Awesome
Summary
CINTIL-UDep is a dependency bank of Portuguese that is treebanked with Universal Dependencies. It contains over 38K annotated sentences (and 476K tokens), of mostly newspaper text.
Introduction
CINTIL-UDep is a dependency bank of Portuguese with 38,400 sentences (and nearly 476,000 tokens), that is treebanked with Universal Dependencies (UD).
CINTIL-UDep was obtained through the merger and automatic conversion to UD of two non-UD dependency banks, CINTIL-DependencyBank and CINTIL DependencyBank PREMIUM.
- CINTIL-DependencyBank was manually annotated with the support of the LXGram deep computational grammar (Costa and Branco, 2010). For each sentence, a parse forest is generated by the grammar with all possible grammatical analyses for that sentence. The human annotator is then tasked with picking the correct analysis from those in the forest. This method ensures precise and highly consistent analyses throughout the treebank.

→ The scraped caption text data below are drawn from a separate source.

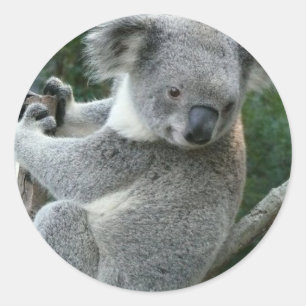 Koala Ronde Sticker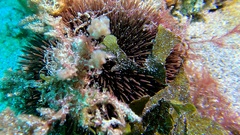 Sphaerechinus granularis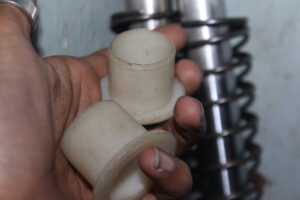 Front Shack Spring Bush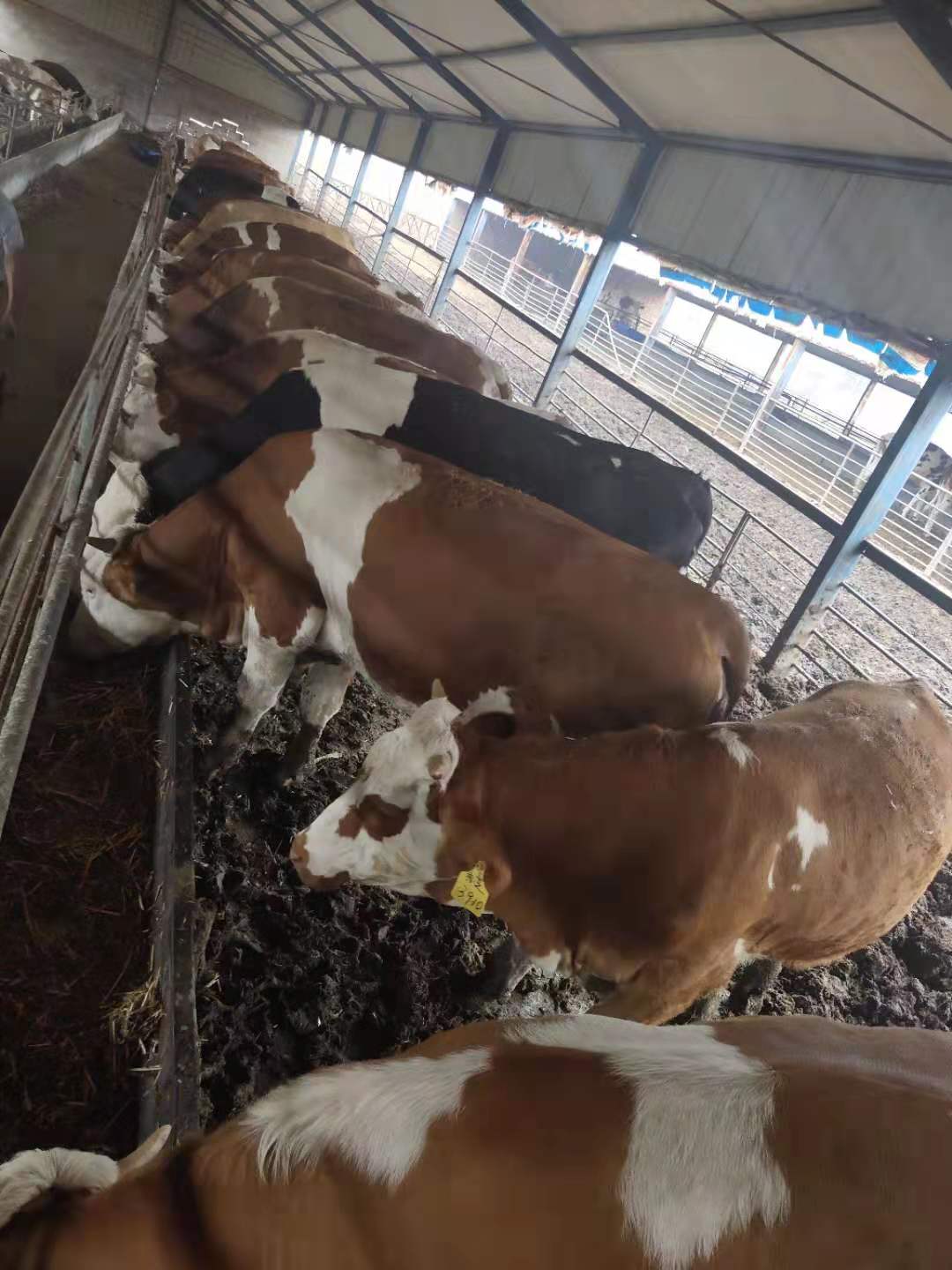 西门塔尔牛 利木赞牛 欣旺达肉牛养殖场常年对外出售优良肉牛肉牛犊 夏洛莱牛 鲁西黄牛2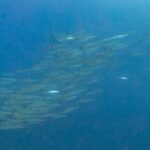 Un banco compatto di barracuda argentati, visti di lato in un'acqua blu profondo, fotografato nel Mar Rosso a Ras Mohammed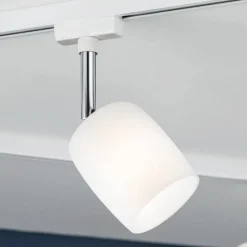 Paulmann URail Blossom spot wit, glas satijn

- CINTIL DependencyBank PREMIUM was created through a different process, though it adheres to the same guidelines as the previous treebank. In CINTIL DependencyBank PREMIUM, human annotators manually corrected the output of a statistical dependency parser. Since this treebank was initially annotated with a statistical parser, it contains sentences that instantiate linguistic phenomena that may not be present in the previous, grammar-based treebank, as computational grammars, albeit precise, have suboptimal coverage.
For more details, refer to (Branco et al., 2022), the canonical reference given below.
Acknowledgments
This work was partly supported by PORTULAN CLARIN Research Infrastructure for the Science and Technology of Language, funded by Lisboa 2020, Alentejo 2020, and FCT-Fundação para a Ciência e Tecnologia under the grant PINFRA/22117/2016; by FCT-Fundação para a Ciência e Tecnologia through the Portuguese project DP4LT (PTDC/EEI-SII/1940/2012); and by the European Commission through the European project QTLeap (EC/FP7/610516).
Several people have contributed to the creation of this treebank, from devising annotation guidelines and developing supporting tools, to manually annotating the text and data curation: Andreia Querido, António Branco, Catarina Carvalheiro, Clara Pinto, Cláudia Martins, Francisco Costa, Joana Ramos, João Silva, Mariana Avelãs, Marisa Campos, Rita Carvalho, Rita Pereira, Sara Silveira, Sérgio Castro, and Sílvia Pereira.
References
CINTIL-UDep is described in the following article
- Branco, António, João Ricardo Silva, Luís Gomes, and João Rodrigues, 2022. Universal Grammatical Dependencies for Portuguese with CINTIL Data, LX Processing and CLARIN support. In Proceedings of the 13th Conference on Language Resources and Evaluation (LREC 2022).
which should be used as its canonical citation, and which interested users are referred to for detailed information.
The source treebanks for CINTIL-UDep dependency bank were CINTIL-DependencyBank and CINTIL DependencyBank PREMIUM, which were initially manually annotated with different guidelines, as described in:
- de Carvalho, Rita, Andreia Querido, Marisa Campos, Rita Pereira, João Silva, and António Branco, 2016. CINTIL DependencyBank PREMIUM: A corpus of grammatical dependencies for Portuguese. In Proceedings of the 10th International Conference on Language Resources and Evaluation (LREC 2016).
- Branco, António, Francisco Costa, João Silva, Sara Silveira, Sérgio Castro, Mariana Avelãs, Clara Pinto, and João Graça, 2010. Developing a deep linguistic databank supporting a collection of treebanks: the CINTIL DeepGramBank. In Proceedings of the 7th International Conference on Language Resources and Evaluation (LREC 2010).
Other relevant references are:
- Costa, Francisco, and António Branco, 2010. LXGram: A deep linguistic grammar processing grammar for Portuguese. In Proceedings of the International Conference and Computational Processing of the Portuguese Language (PROPOR 2010).
Changelog
- 2023-10-27 v2.13
- fixed should not be used for proper nouns.
- 2023-04-20 v2.12
- Value Cmp not allowed for feature Degree.
- 2022-12-30
- Fixes for the representation of tokenized forms.
- 2022-11-15 v2.11
- Initial release in Universal Dependencies.